Anziché fare ciò (aumentare i risparmi e diminuire i consumi), per effetto della Banca centrale i cittadini fanno l'esatto contrario: il tasso di interesse più basso incoraggia i cittadini a risparmiare di meno, e quindi a consumare di più, in un momento in cui anche gli investitori stanno cercando di attrarre risorse verso di sé, per investirle; l'economia viene quindi "stirata" in due direzioni opposte allo stesso tempo; le risorse vengono allocate in modo errato, incanalate verso linee di produzione che non possono essere sostenute a lungo termine. Infatti, man mano che l'impresa si avvicinerà a completare i suoi progetti, scoprirà che le risorse di cui ha bisogno (come la manodopera, i materiali, i pezzi di ricambio, ecc., chiamate dagli economisti "fattori complementari della produzione") non sono disponibili in quantità sufficiente: la riserva complessiva di risparmi reali dei cittadini si è rivelata più piccola di quanto gli imprenditori avevano previsto, e i fattori complementari della produzione di cui gli imprenditori hanno bisogno risultano essere più scarsi di quanto si aspettavano; quindi il prezzo di questi fattori della produzione (manodopera e altre risorse) sarà più alto di quanto gli imprenditori si aspettassero, e i costi dell'impresa saliranno. Per finanziare questi imprevisti aumenti nei prezzi degli input, le imprese avranno bisogno di ricorrere a prestiti in misura maggiore. Questo aumento nella domanda di prestiti farà aumentare i tassi di interesse. La dura realtà comincia ora a rivelarsi: alcuni di questi progetti non possono essere completati. Semplicemente, nell'economia non esiste ancora abbastanza ricchezza per finanziarli tutti: la ricchezza necessaria non è stata prodotta. Erano stati soltanto i tassi di interesse artificialmente bassi ad ingannare gli investitori facendo loro credere che lo fosse.
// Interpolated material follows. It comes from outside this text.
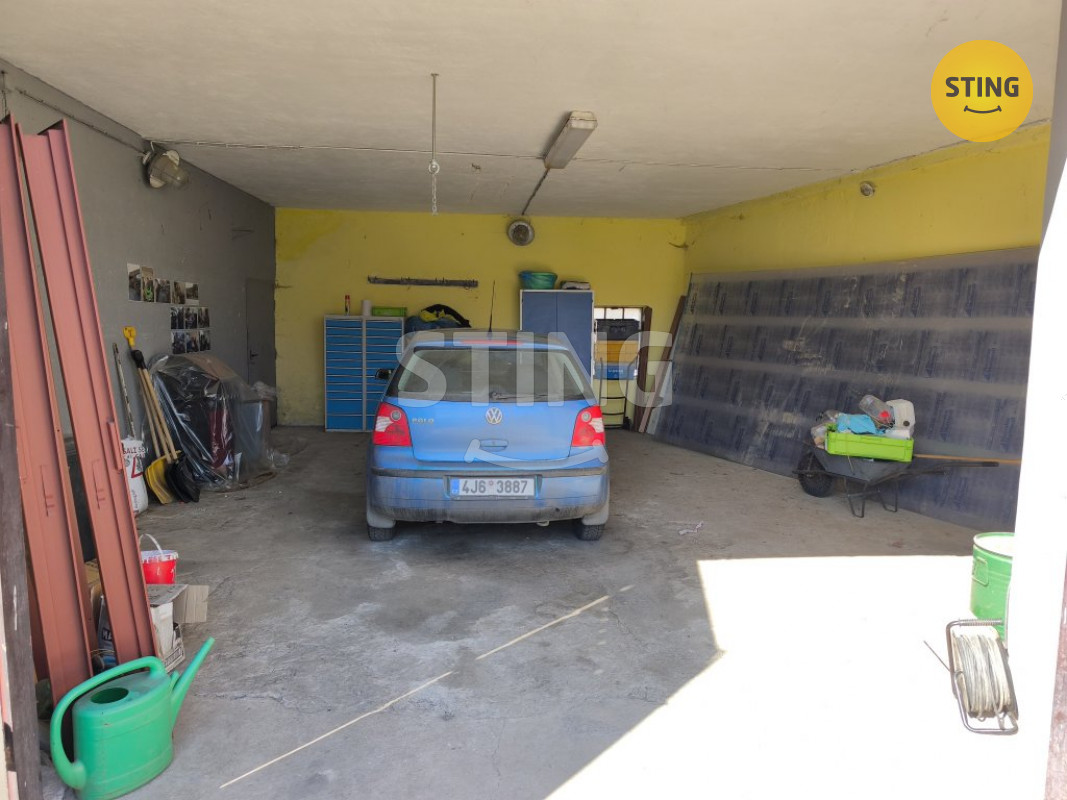 Dům se dvěma bytovými jednotkami, 132156 - 7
In altre parole, l'economia può sostenere solo un certo numero di progetti di investimento allo stesso tempo. Il tasso di interesse è il meccanismo con cui il mercato libero limita il numero di progetti che si riescono ad iniziare; è il meccanismo che impedisce che vengano iniziati più progetti di quanti il pool di risparmi dei cittadini possa sostenere a lungo termine. Quando il tasso di interesse viene abbassato artificialmente, vengono concessi più prestiti, e vengono iniziati più progetti; ma non vengono magicamente create le risorse reali aggiuntive necessarie per completarli tutti.
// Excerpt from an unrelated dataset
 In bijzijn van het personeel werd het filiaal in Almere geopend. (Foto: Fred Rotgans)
Inoltre, i progetti che vengono iniziati in questo ambiente compromesso sono diversi da quelli che sarebbero stati iniziati in un mercato libero: Ludwig Von Mises, per descrivere un'economia che è sotto l'influsso di tassi di interesse artificialmente bassi, usa la metafora di un costruttore di case che crede erroneamente di avere più mattoni di quanti ne ha realmente. Costui costruirà una casa le cui dimensioni e proporzioni sono diverse da quelle che avrebbe scelto se avesse conosciuto la vera quantità di mattoni in suo possesso. Egli non sarà in grado di completare questa casa più grande con i mattoni che ha. Prima scopre qual è la vera quantità di mattoni in suo possesso, meglio è, perché in questo caso può ricalibrare i suoi piani di produzione, prima che una parte troppo grande della casa sia stata costruita, e prima che una parte troppo grande del suo lavoro e del suo materiale sia stata dilapidata. Se lo scopre solo verso la fine della produzione, dovrà distruggere quasi tutta la casa, e sia lui che la società nel complesso saranno più poveri a causa del suo spreco di quelle risorse.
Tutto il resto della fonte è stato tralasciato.